Quote exactly, and only, the lines from the one containing "2-Zimmer-Wohnung in Berlin" through the end of the material below. Skip pictures.

Material provided -
'''

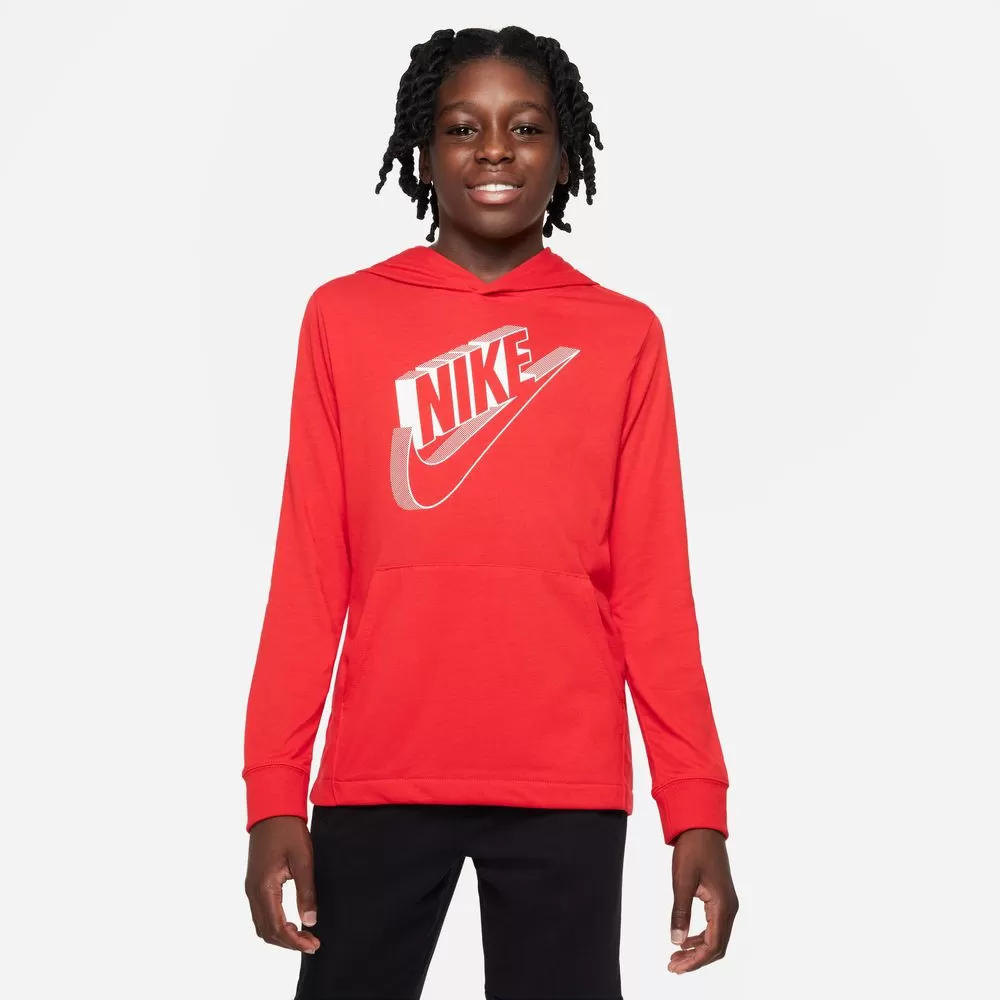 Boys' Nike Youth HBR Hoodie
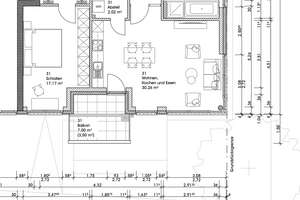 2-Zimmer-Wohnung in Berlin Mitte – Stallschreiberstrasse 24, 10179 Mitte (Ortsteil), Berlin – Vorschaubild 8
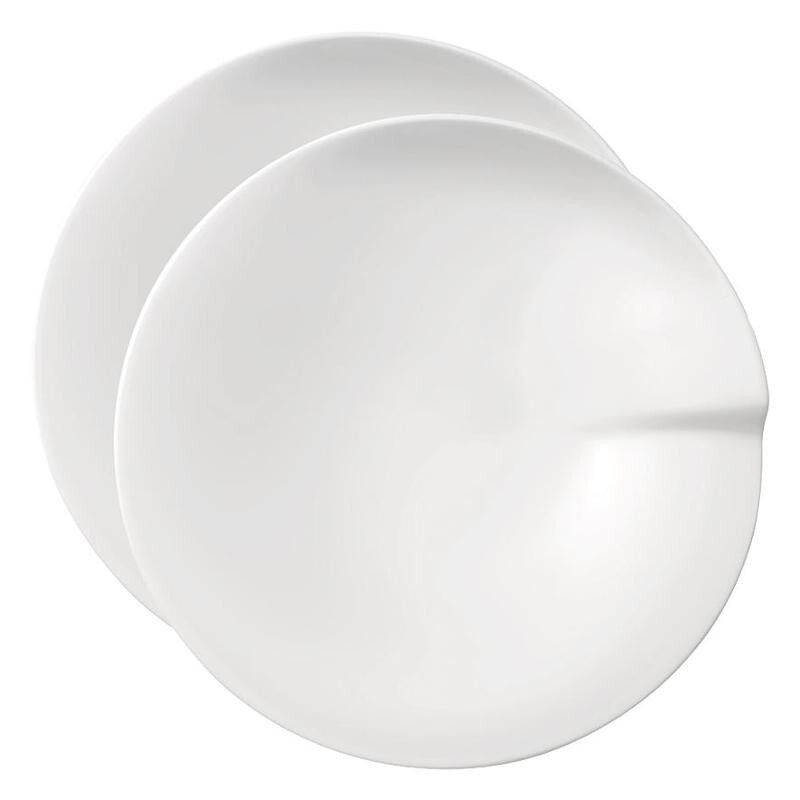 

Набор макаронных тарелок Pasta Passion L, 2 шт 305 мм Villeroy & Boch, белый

'''

Written answer -
 2-Zimmer-Wohnung in Berlin Mitte – Stallschreiberstrasse 24, 10179 Mitte (Ortsteil), Berlin – Vorschaubild 8

Набор макаронных тарелок Pasta Passion L, 2 шт 305 мм Villeroy & Boch, белый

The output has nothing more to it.